Within the code of classes, variables stored within the class are initialized as
self.<variable>. The self name space tells python that the variable should remain accessible
to the user and any other functions within the class. These self variables stored within the
class can be any permissible python object; which includes but is not limited to: string, list,
dictionary, pandas dataframe, float, integer, ect.
As an example, we’ve already started a gs.DataFile class above with the
oilsands.dat training data set, saved as datafl.
On the user-end, to call the data stored within the datafl variogram class, you would replace
self with data.
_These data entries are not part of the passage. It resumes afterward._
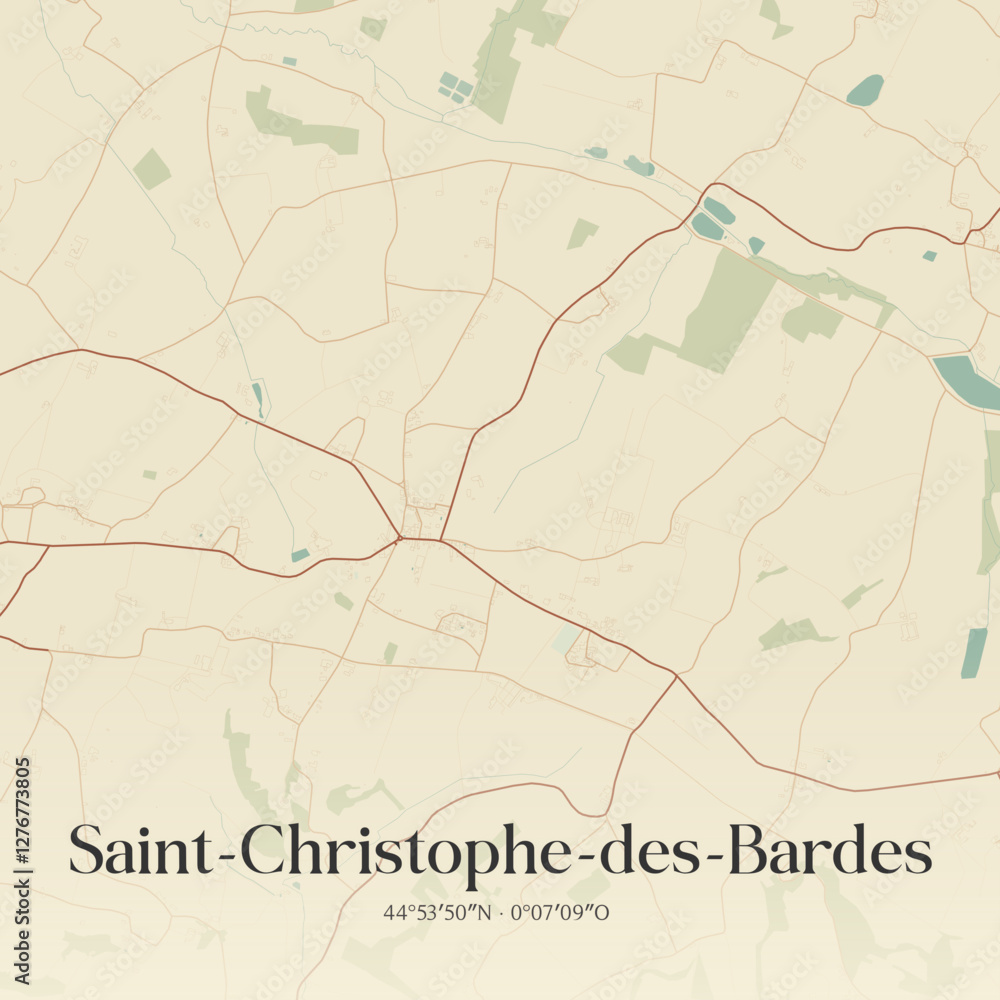 Fototapeta premium Vintage map of Saint-Christophe-des-Bardes, France.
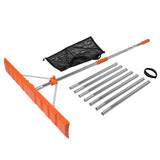 EZ Smart Snow Roof Rake, Adjustable 36IN Blade V-Blade Technology, Prevents Ice Dams, 21ft Reach Pole Included, Quick Assembly, Carrying Bag Included, NO wheels or sharpe edge to damage your shingles.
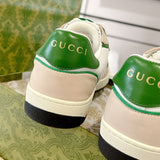 Men's MAC80 Series White and Green Calfskin Patchwork Sneakers |749896 AAB79 9148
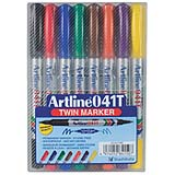 Artline EK-041T Twin Nib Permanent Markers are two markers in one. Common ink reservoir ensures one nib will not run out before the other.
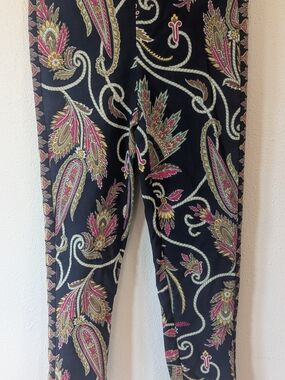 Elie Tahari Navy Blue Paisley Rayon/Spandex Blend Pants XS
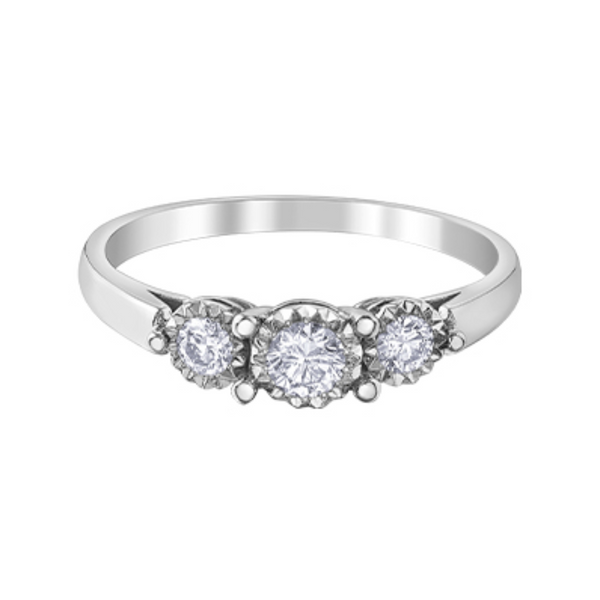 10K White Gold .29ctw Diamond Illumnaire Trinty Ring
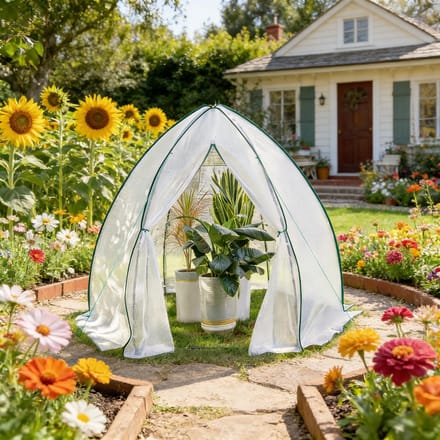 REDOM - Tuinkas - Kegelvormige Constructie - Voor Tuin - Polyethyleen En Staal - Wit - 240 X 200 X 240 Cm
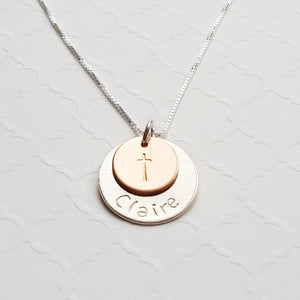 sterling silver and rose gold name necklace with cross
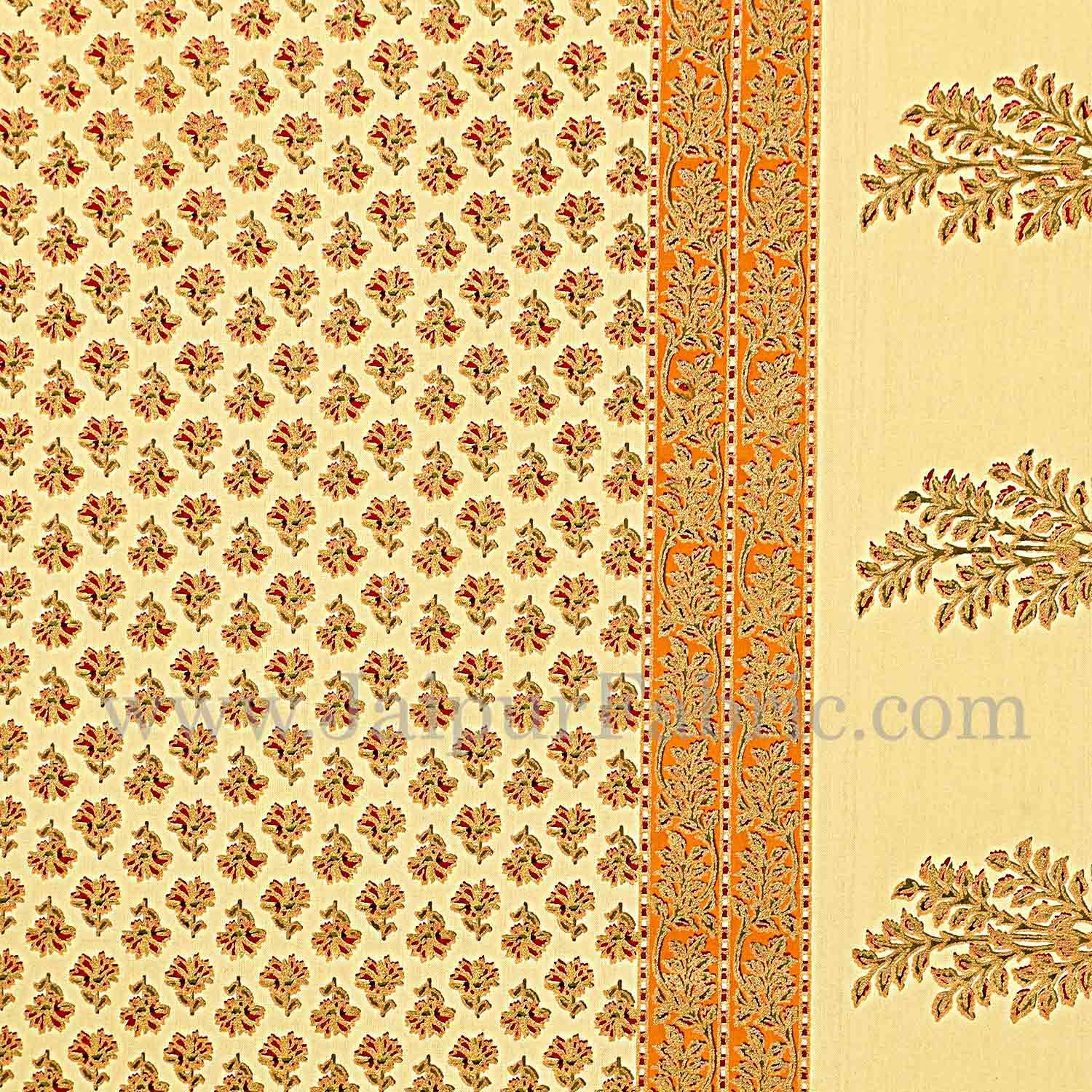 Orange Border Cream Base With booti Pattern With Golden Print Super Fine Cotton Double Bed Sheet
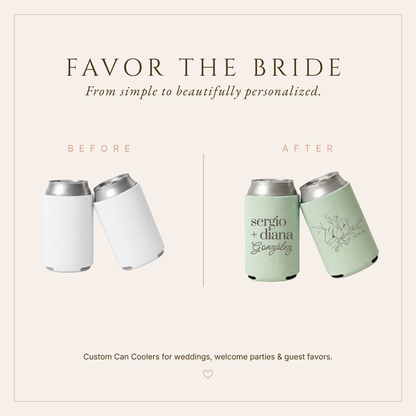 Personalized Sage Green Floral Wedding Can Coolers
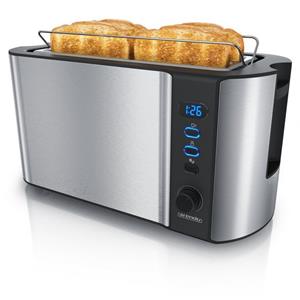 Arendo Toaster, 2 lange Schlitze, für 4 Scheiben, 1500 W, Automatik 4 Scheiben Langschlitz Toaster mit Display - Defrost Funktion - Wärmeisolierendes Doppelwandgehäuse - Frukost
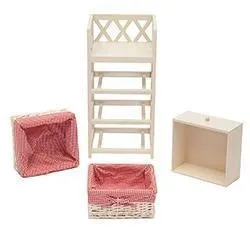 Тумба с ящиком Secret De Maison CAGE 3 ( mod. 4339 ) paulownia, мдф, 34x30x69см, butter white (слоновая кость), ткань - красная клетка фото 4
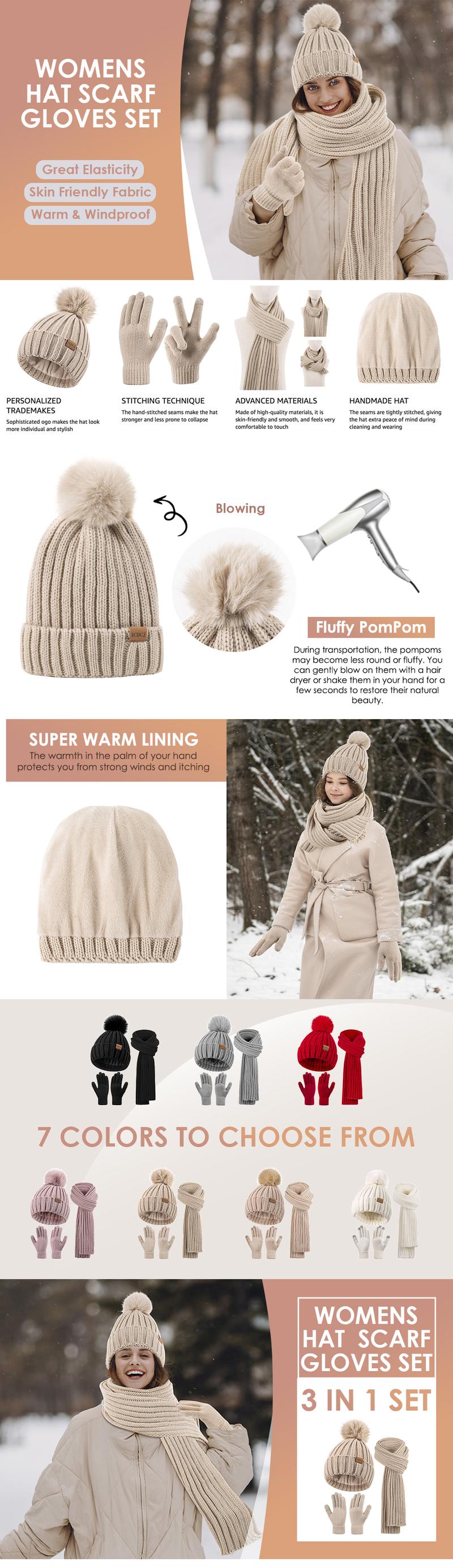 Winter Beanie Scarf and Gloves Set for Women Thick Knit Pom Pom Hat with Fleece Lining Long Neck Scarf and Touchscreen Gloves 3 in 1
For example, let check out the the first few lines that were loaded from
the data file:
datafl.data.head()
| Drillhole Number | East | North | Elevation | Bitumen | Fines | Chlorides | Facies Code | Bitumen above 7 | |
|---|---|---|---|---|---|---|---|---|---|
| 0 | 2 | 1245 | 10687.09 | 257.5 | 7.378 | 28.784 | -9 | -9 | 1 |
| 1 | 2 | 1245 | 10687.09 | 254.5 | 9.176 | 22.897 | -9 | -9 | 1 |
| 2 | 2 | 1245 | 10687.09 | 251.5 | 11.543 | 15.144 | -9 | -9 | 1 |
| 3 | 2 | 1245 | 10687.09 | 248.5 | 6.808 | 30.598 | -9 | -9 | 0 |
| 4 | 2 | 1245 | 10687.09 | 245.5 | 10.657 | 18.011 | -9 | -9 | 1 |
Within the source code for gs.DataFile, the
column IDs for the x, y, and z data are saved within the class as they
were specified when it was created. To view what they are you can call
them as:
print('The x data column ID is: ', datafl.x)
print('The y data column ID is: ', datafl.y)
print('The z data column ID is: ', datafl.z)
The x data column ID is: East
The y data column ID is: North
The z data column ID is: Elevation
Much like variables are stored within the class, so are functions unique to the class. Meaning they
are only accessible by the class object. So like you would call a stored variable, you call
functions as an extension of the variogram class name space. For example, when using a
gs.Variogram, you can calculate the experimental variograms by calling:
vario.varcalc()
Within pygestat there are numerous classes set-up. These include:
gs.DataFilegs.GridDefgs.Variogramgs.VariogramModelgs.Program
Using python + pygeostat for GSLIB scripting¶
Python (and pygeostat to make things easier) can be used for scripting together GSLIB and CCG programs. Normally we would use bash for scripts, but python is very useful for complicated scripts, particularly for visualization and keeping track of numerous domains, variables and data files. Python can also be used to call bash scripts or execute shell code (and vice versa).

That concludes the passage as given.